Re: BUG #6170: hot standby wedging on full-WAL disk

From: Daniel Farina <daniel(at)heroku(dot)com>
To: Heikki Linnakangas <heikki(dot)linnakangas(at)enterprisedb(dot)com>
Cc: Robert Haas <robertmhaas(at)gmail(dot)com>, pgsql-bugs(at)postgresql(dot)org
Subject: Re: BUG #6170: hot standby wedging on full-WAL disk
Date: 2011-08-25 17:49:46
Message-ID: CAAZKuFbAAmMkEjdHtGetHB4xNjSFx9v_UZZeDVpgROGCNMAO-w@mail.gmail.com
Views: Raw Message | Whole Thread | Download mbox | Resend email
Thread:
Lists: pgsql-bugs

On Thu, Aug 25, 2011 at 10:16 AM, Heikki Linnakangas
<heikki(dot)linnakangas(at)enterprisedb(dot)com> wrote:
> On 25.08.2011 19:11, Robert Haas wrote:
>>
>> On Mon, Aug 22, 2011 at 2:57 AM, Heikki Linnakangas
>> <heikki(dot)linnakangas(at)enterprisedb(dot)com>  wrote:
>>>
>>> So the problem is that walreceiver merrily writes so much future WAL that
>>> it
>>> runs out of disk space?
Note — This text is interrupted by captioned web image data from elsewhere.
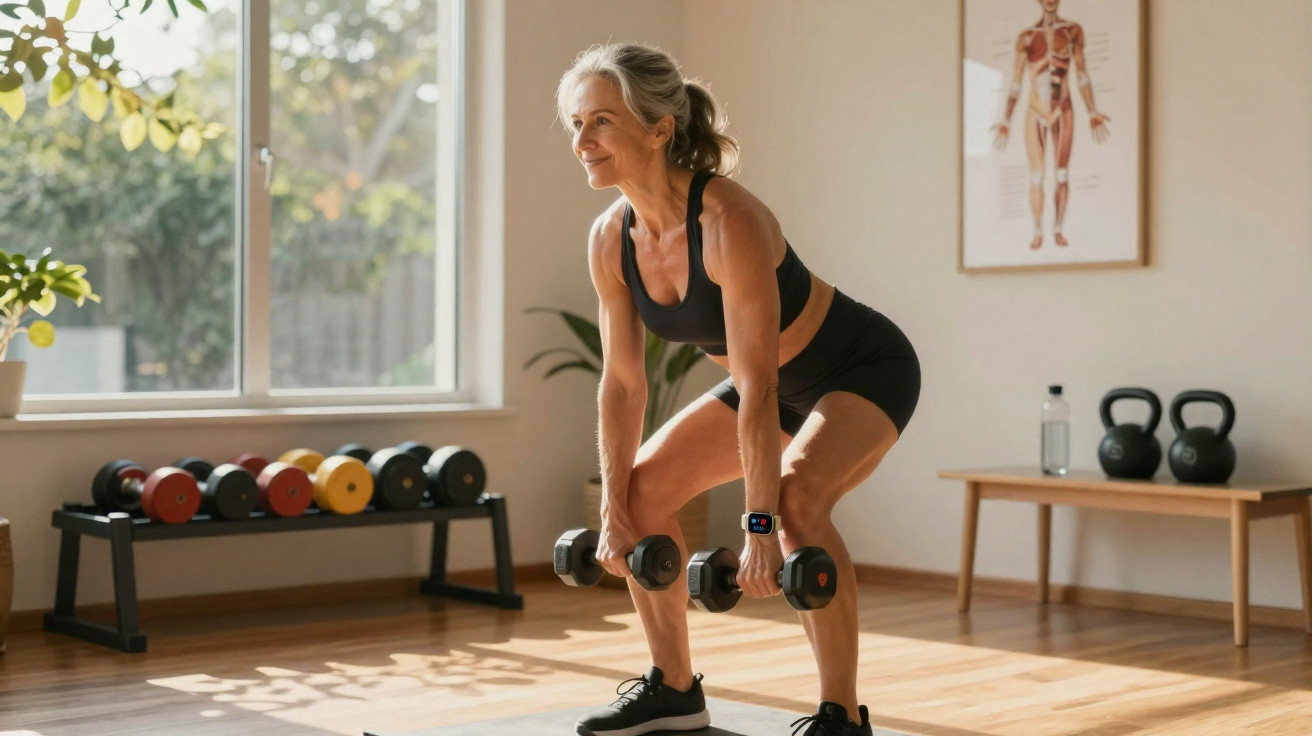 Mulher adulta a fazer exercício com halteres numa sala de treino iluminada e equipada.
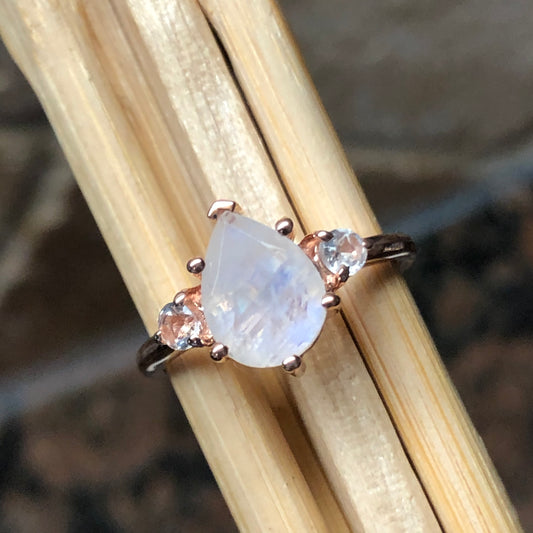 Genuine Rainbow Moonstone 925 Solid Sterling Silver Ring Size 5, 6.25, 7, 8, 9 - Natural Rocks by Kala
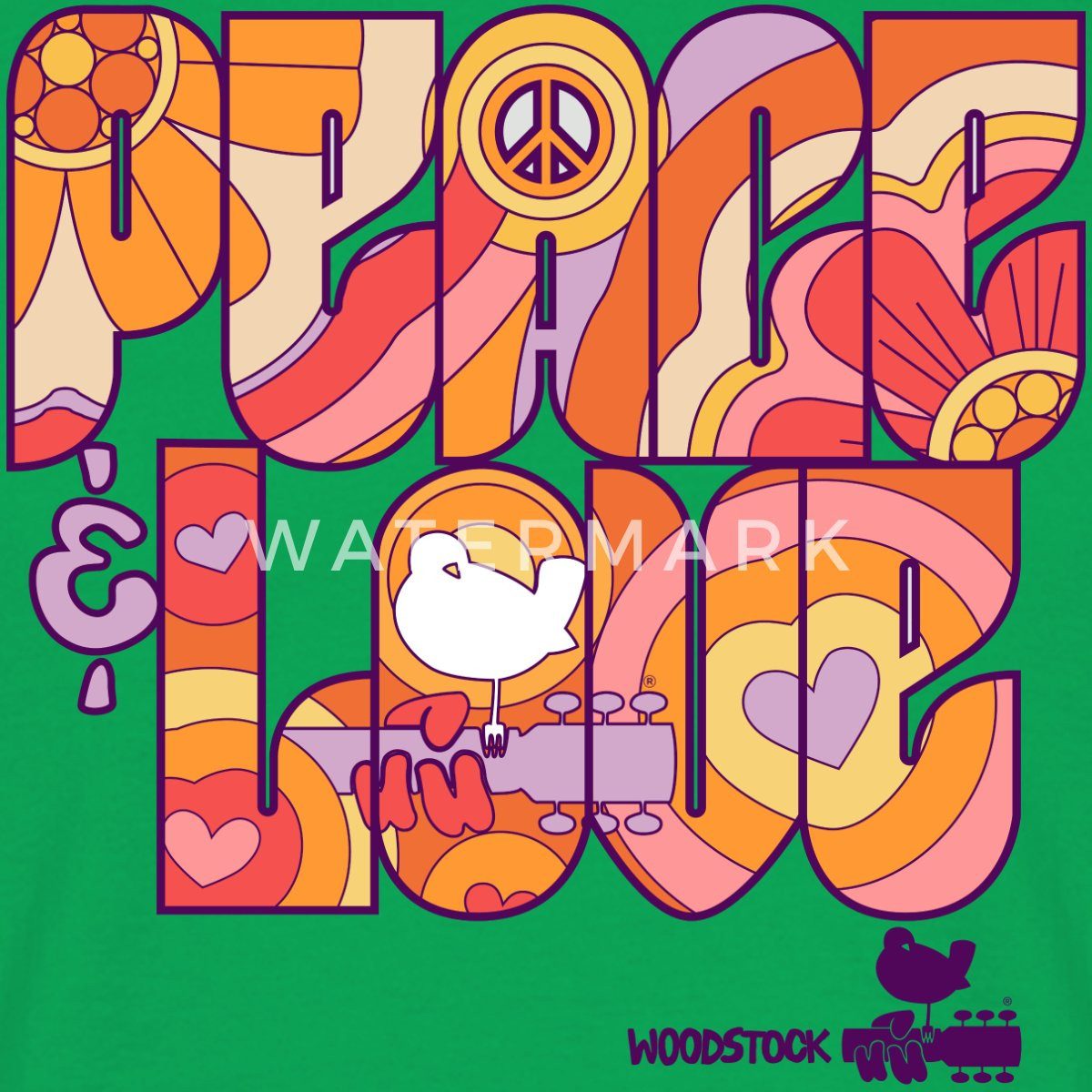 Spreadshirt T-Shirt Woodstock Peace Love Hippie günstig online kaufen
A limit on the maximum number of future WAL files
>>> to
>>> stream ahead would fix that, but I can't get very excited about it.
>>> Usually
>>> you do want to stream as much ahead as you can, to ensure that the WAL is
>>> safely on disk on the standby, in case the master dies. So the limit
>>> would
>>> need to be configurable.
>>
>> It seems like perhaps what we really need is a way to make replaying
>> WAL (and getting rid of now-unneeded segments) to take priority over
>> getting new ones.
>
> With the defaults we start to kill queries after a while that get in the way
> of WAL replay. Daniel had specifically disabled that. Of course, even with
> the query-killer disabled, it's possible for the WAL replay to fall so badly
> behind that you fill the disk, so a backstop might be useful anyway,
> although that seems a lot less likely in practice and if your standby can't
> keep up you're in trouble anyway.

I do think it's not a bad idea to have postgres prune unnecessary WAL
at least enough so it can get the WAL segment it wants -- basically
unsticking the recovery command so progress can be made. Right now
someone (like me) has to go and trim away what appear to be
unnecessary wal in (what is currently) a manual process.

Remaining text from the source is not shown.